Eu tenho reservas quanto ao uso de frases como “essa série é obrigatória!”, que indicam que todos deveriam fazer isso ou aquilo, ainda assim, diante de tudo que havia lido sobre a série The Handsmaid’s Tale (O Conto da Aia), resolvi dar uma chance à produção que todos dizem ser uma “distopia feminista”. Exibida pela plataforma de streaming Hulu, não disponível no Brasil, sua primeira temporada tem 10 episódios que podem ser encontrados em sites “alternativos”.

Caso você não saiba do que se trata, o resumo da Wikipedia está bem fiel à série, então não irei me estender muito nesse ponto. O que você precisa saber é que os episódios, baseados no livro homônimo de Margaret Atwood, de 1985, se passam em um futuro que não é muito distante, quando o mundo está assolado em problemas causados pela poluição, sendo um deles, a infertilidade humana.

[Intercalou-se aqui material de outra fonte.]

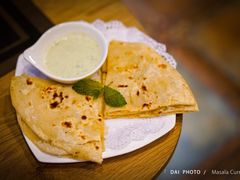 -Masala Curry and BBQ·玛莎拉巴基斯坦美食(金水万达店)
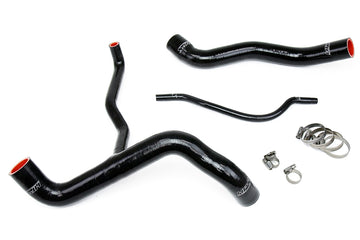 HPS シリコンラジエーターホースキット Chevy Camaro SS 6.2L V8 2010-2011用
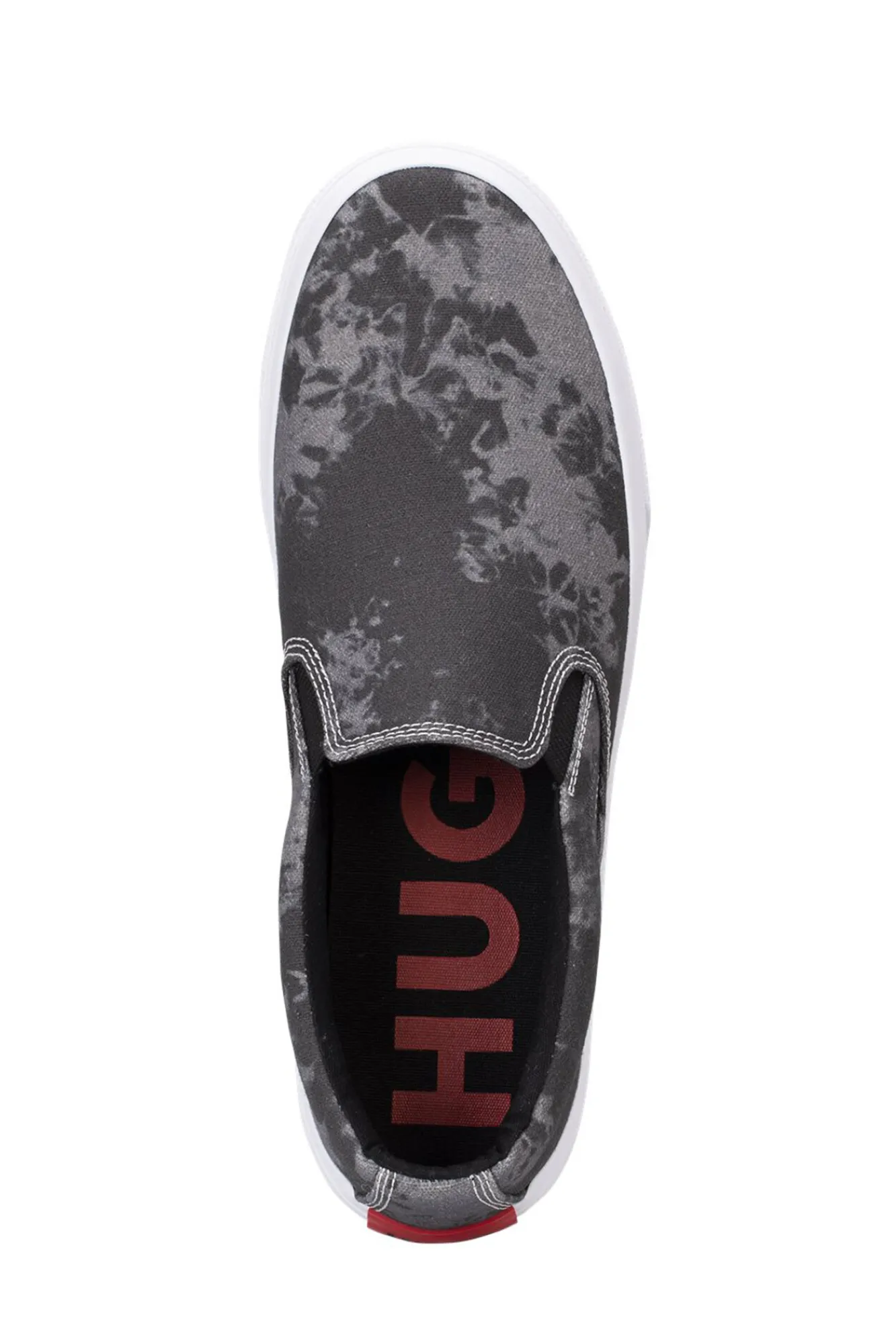 Zapatilla Lona^HUGO Shop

Com cada vez menos crianças nascendo e o risco de uma crise mundial de fome e falta de recursos, a espécie humana pode entrar em extinção rapidamente e um grupo religioso de extrema-direita (alt-right), conhecido como the sons of Jacob (Filhos de Jacó) propõe medidas autoritárias e nada ortodoxas para que o cenário possa ser revertido nos Estados Unidos.

Até aqui, nada de muito surpreendente que já não tenha sido visto em outras FICÇÕES distópicas, como já havíamos falado anteriormente. O problema é que, na medida que fui assistindo ao Conto da Aia, foi ficando mais claro que as situações retratadas não têm nada de ficcionais, portanto, The Handsmaid’s Tale não poderia ser uma distopia. “Porque, no fundo, distopias são contos de alerta, não contra um determinado governo ou tecnologia, mas contra a ideia de que a humanidade pode ser modelada de uma forma ideal”. Nesse sentido, seria uma narrativa que se difere da realidade por oferecer uma perspectiva pessimista e distorcida em relação ao futuro, como um alerta do que poderia acontecer em contextos de muita opressão e totalitarismo, quando determinados grupos acreditam em um mundo ideal e impõem meios para que todos colaborem, ainda que isso signifique a insatisfação da maioria.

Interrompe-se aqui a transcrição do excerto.